Back to the Future: ARIMA and Forecasting with Covariates

This article is by Susan Currie Sivek and originally appeared on the Alteryx Data Science Blog here:


Crafting a reliable forecast of a phenomenon feels like having a very specialized crystal ball on your desk that can answer critical questions. Time series analysis and forecasting are powerful methods of understanding how something has changed over time and how it may occur in the future.

If you’ve been curious about using time series methods, our Academy team has just released a terrific new set of interactive lessons in the Data Science Learning Path to guide you toward skillful time series analysis.

After you’ve reviewed those excellent resources — or if time series analysis is already a familiar tool — let’s dive a little deeper into one aspect of time series that can sometimes mystify: the utility and selection of covariate time series.

When you build a time series model with the ARIMA tool in Designer, you’re offered a little checkbox that allows you to add covariates to the time series model. Covariate time series are separate series that help explain your primary time series of interest. But when Designer shows you all the other variables in your data as options, which ones should you choose?

Let’s explore criteria for good covariate time series to include in your model and forecasts, and how you might think about their role in your analysis.

Choosing Your Covariates

Consider a time series situation like the one provided in the Designer sample workflow for time series forecasting (Help>Sample Workflows>Predictive tool samples>Predictive Analytics>15 Time_Series_Forecasting_Sample), which demonstrates how to forecast room bookings at a mountain lodge using 10 years of monthly data. The original time series is simple. It covers 120 months, each with a single number representing the number of bookings for that month.
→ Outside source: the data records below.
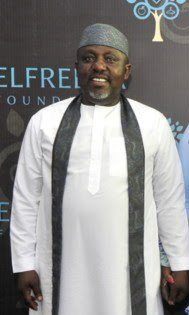 Rochas Okorocha in a white kaftan and cap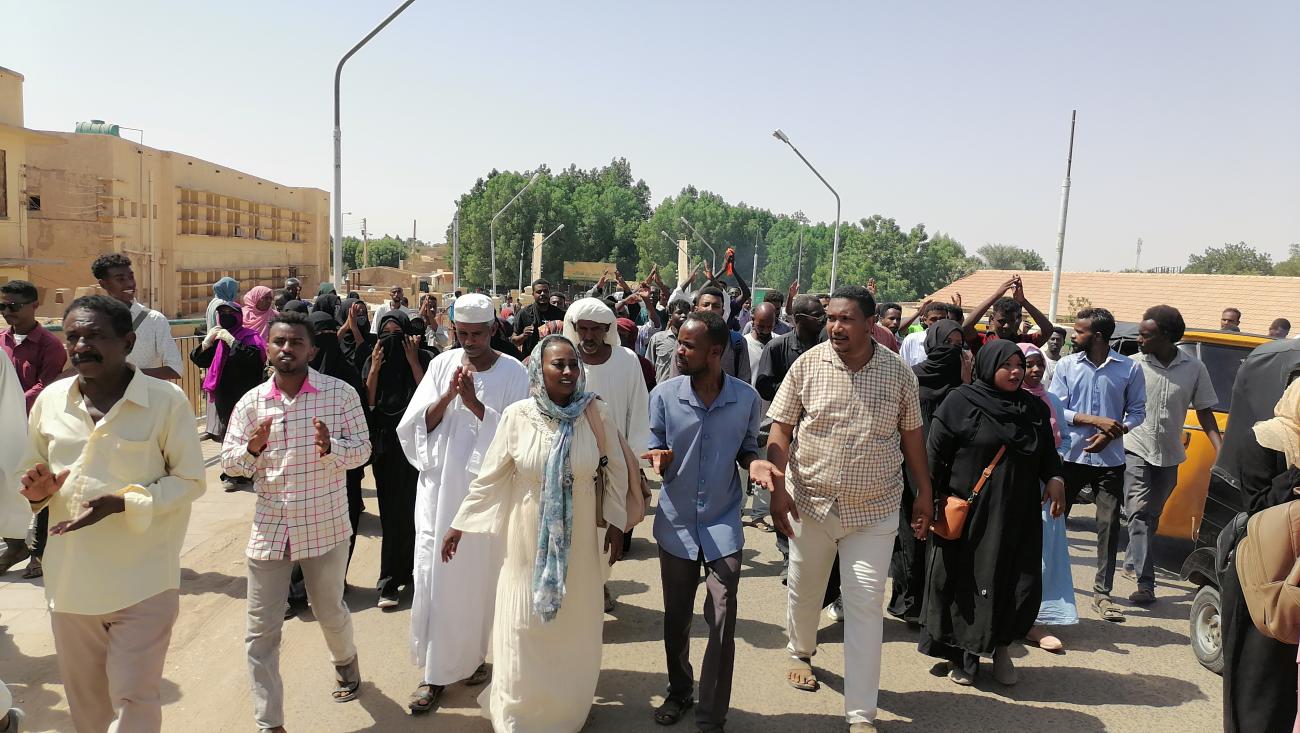 Sudanese demonstrators march and chant during a protest against the military takeover, in Atbara, Sudan, on October 27, 2021.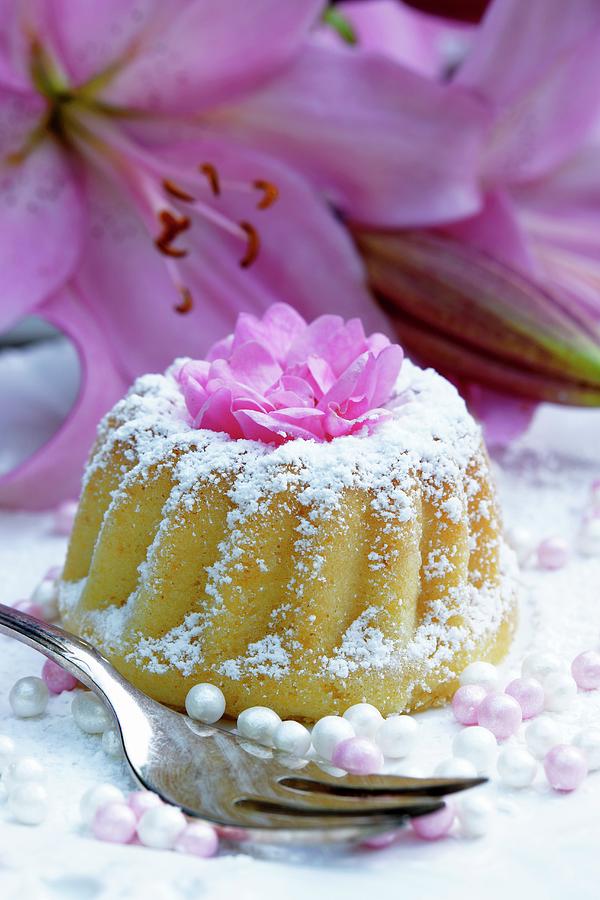 A Mini Bundt Cake With Icing Sugar And Flower Decoration Photograph by Angelica Linnhoff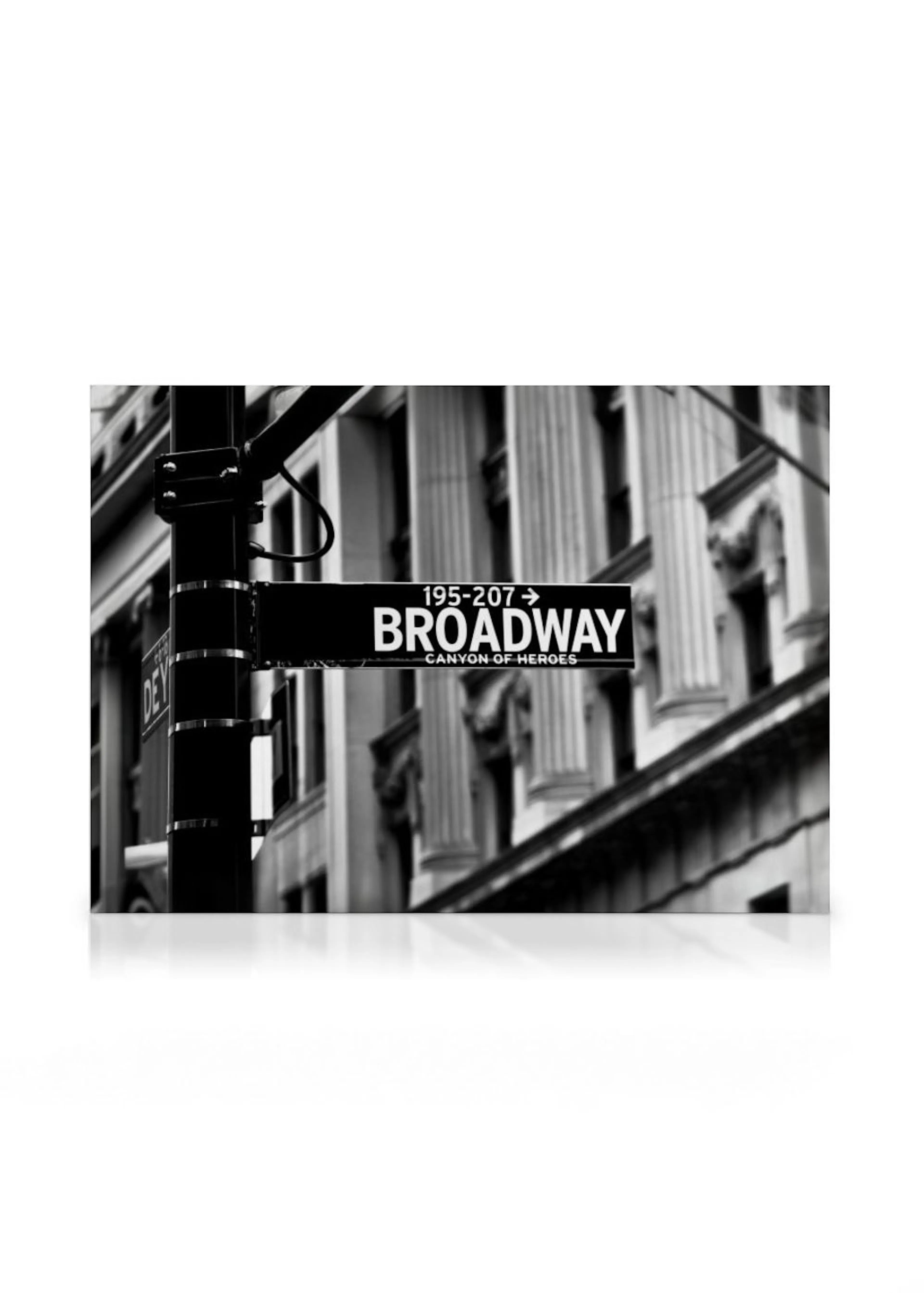 En svartvit canvastavla med en Broadway-skylt och en byggnad med pelare i bakgrunden.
Now we’ll use our imaginations: It’s not just a mountain lodge, but a ski lodge … on a snowy mountain, with roaring fires in stone fireplaces, hot chocolate, and all the requisite accoutrements. Which phenomena could coincide with bookings at a ski lodge?

I’m no skier, but I’m thinking snow could be important! Could high amounts of snow correlate with the number of people wanting to go to a ski lodge? I mean, I’d go just to drink hot chocolate and read a novel by one of those fireplaces, but snow is the main attraction for most folks.

We’ll think about “bookings” as our response variable here, and “snow” as a predictor variable. We need to evaluate the snow and bookings relationship, though. Importantly, a series of snow measurements would be external to the system that created your primary time series of interest, the lodge bookings. It’s hard for humans to affect the quantity of natural snow (setting aside our impact on climate change for the moment). Certainly the number of lodge bookings does not affect the amount of snow. But the snow quantity could perhaps affect whether people want to stay at the lodge.

Side note: What if your model’s “outputs” (response variables) do affect the “inputs” (predictor variables)? Ideally, you’d use a more complex modeling approach with multiple equations. These kinds of analyses are typically projects for econometrician-type experts who are used to analyzing complicated systems with theory and models.

But back to our simpler situation: Given all these considerations, a time series of snow quantities could be a useful covariate series for our ski lodge booking time series. We would include the snow time series as a covariate in our ARIMA model. We’d want to be sure to structure our snow series in the same way that the bookings series is structured. If we have monthly totals for bookings, we should have monthly snow amount data in the snow series.

Moreover, any covariate series you use should be correlated with the noise -- the unexplained variation -- that remains in your original time series model, without the covariate. That correlation means that the covariate series helps to explain some of that remaining variation and adds information to the model, as well as accuracy to the forecast.

Finally, note that categorical variable time series can be used as covariate series in your model and forecast. They will be one-hot encoded by Designer so that they take a numerical form in the analysis.

Keeping these guidelines about covariate selection and series structure in mind, we can choose variables we want to include as covariates within our ARIMA model in the configuration options.


Adding a Covariate to a Forecast

If you want to create a forecast using an ARIMA model that includes a covariate, you’ll need to use the TS Covariate Forecast tool. To do that, you’ll need future values of the covariate series for every time period you wish to forecast. In our example here, to generate a yearlong forecast of monthly lodge bookings, you’ll need to include monthly snow data for each month in the year to be forecast.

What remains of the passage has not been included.